- [Work to be completed]: Reproduce word for word the line holding "106 Creekwood Dr" and all lines after it in the data, through the end, leaving out pictures.

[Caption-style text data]
********

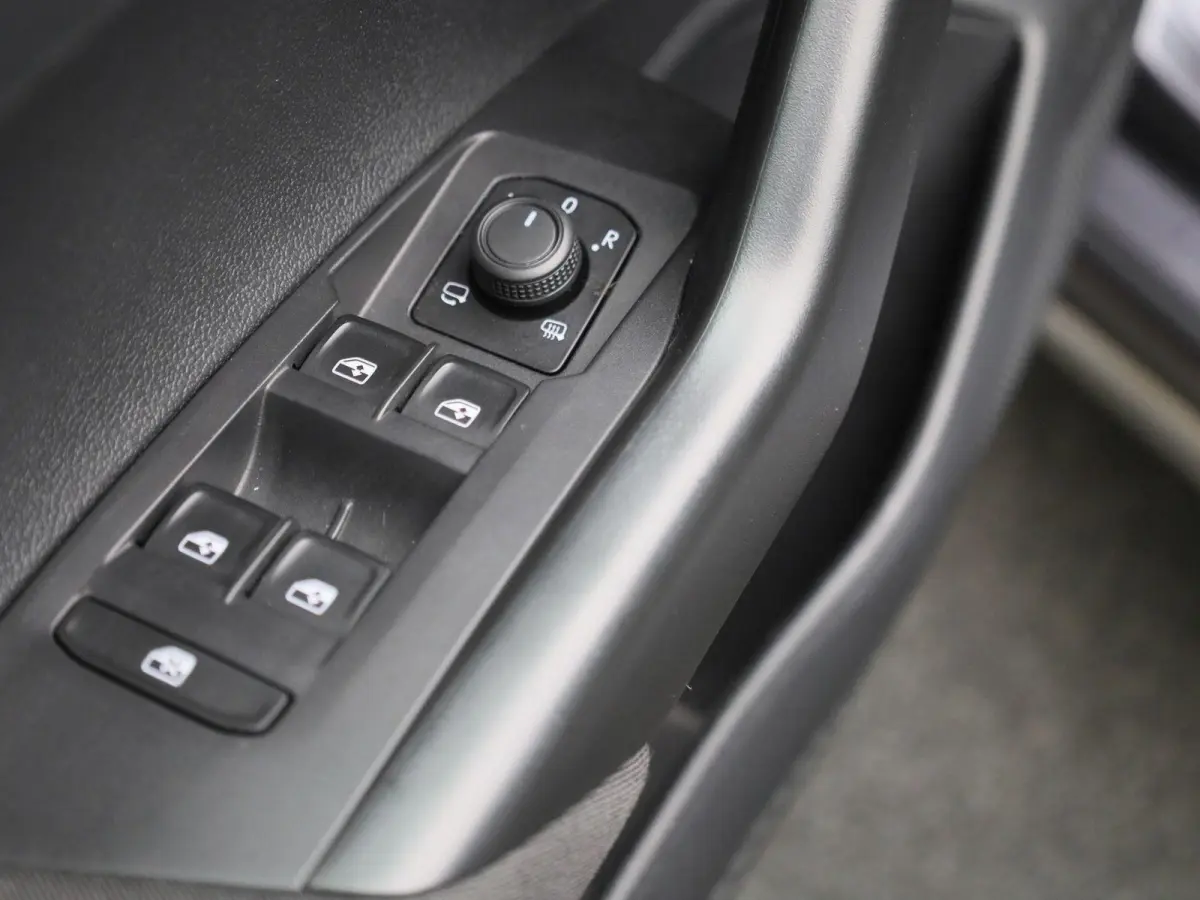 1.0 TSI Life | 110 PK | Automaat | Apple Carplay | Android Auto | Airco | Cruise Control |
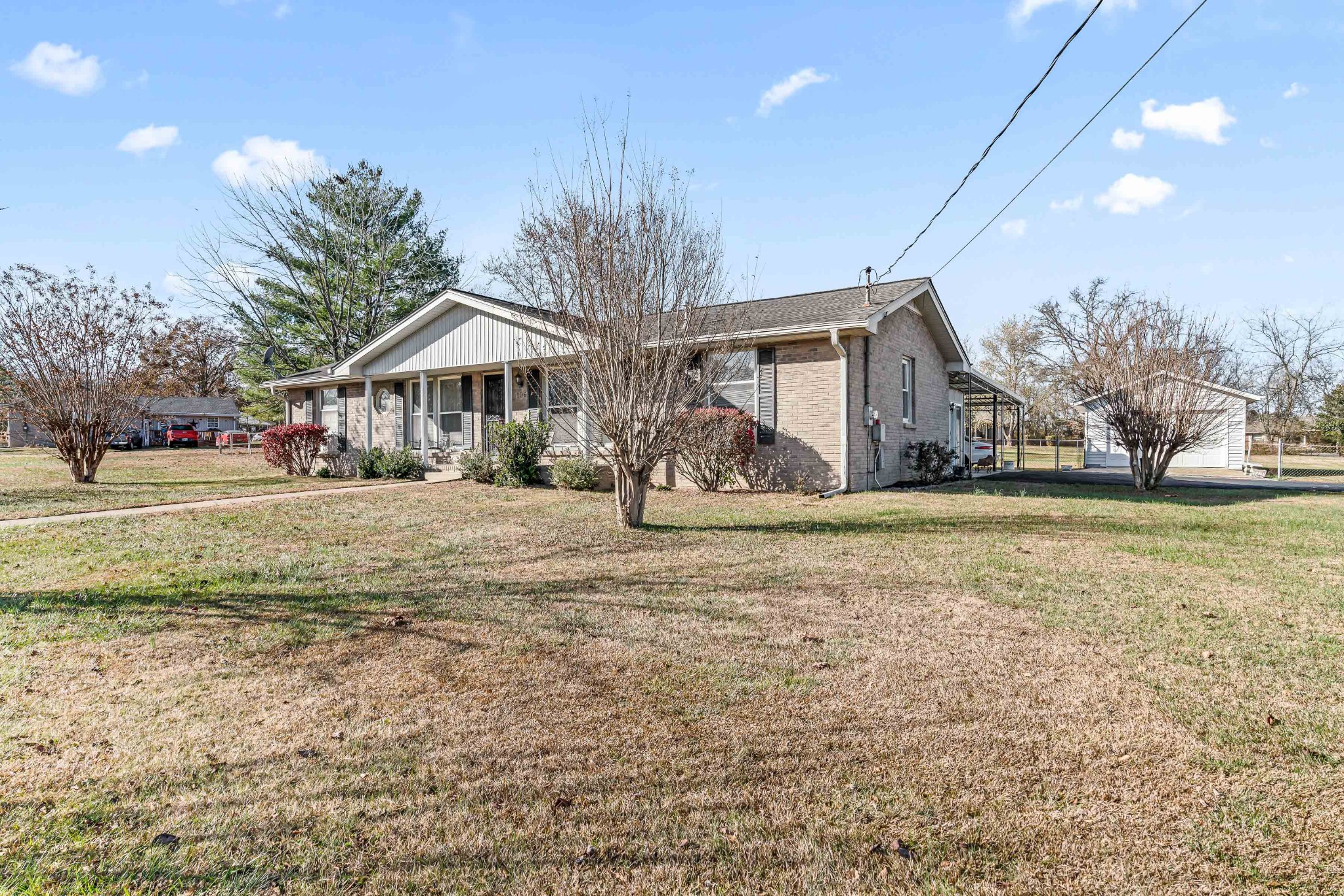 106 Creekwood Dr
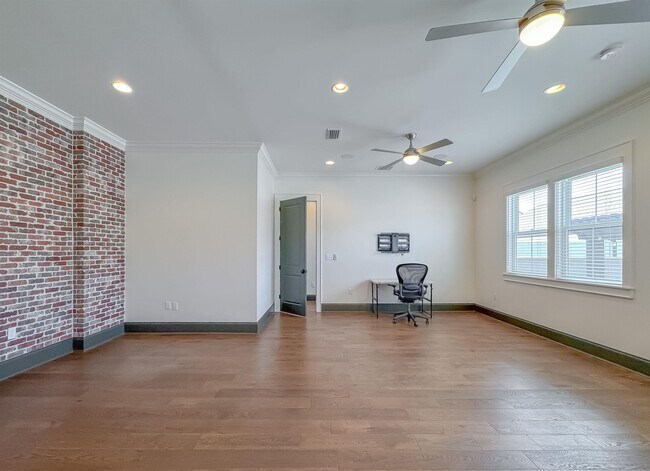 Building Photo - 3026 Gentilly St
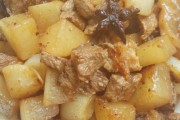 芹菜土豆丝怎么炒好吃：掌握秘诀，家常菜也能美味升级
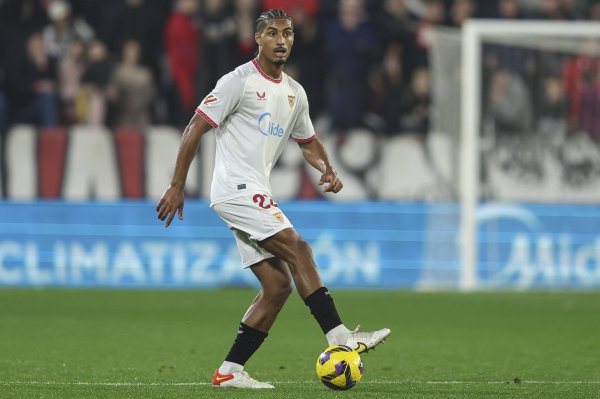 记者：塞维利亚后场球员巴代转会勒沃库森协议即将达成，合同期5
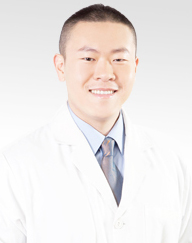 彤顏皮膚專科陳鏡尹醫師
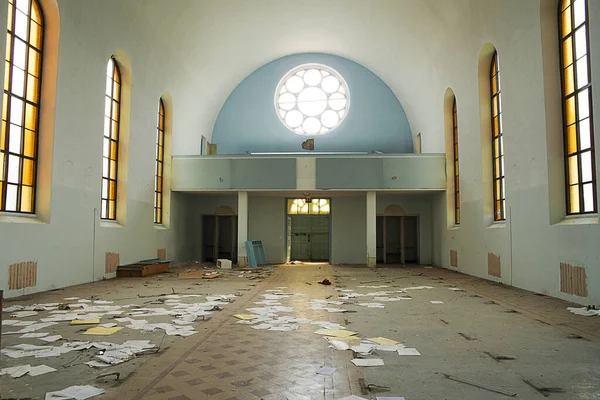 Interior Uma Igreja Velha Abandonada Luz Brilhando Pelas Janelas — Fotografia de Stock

********

- [Task solution]:
 106 Creekwood Dr
 Building Photo - 3026 Gentilly St
 芹菜土豆丝怎么炒好吃：掌握秘诀，家常菜也能美味升级
 记者：塞维利亚后场球员巴代转会勒沃库森协议即将达成，合同期5
 彤顏皮膚專科陳鏡尹醫師
 Interior Uma Igreja Velha Abandonada Luz Brilhando Pelas Janelas — Fotografia de Stock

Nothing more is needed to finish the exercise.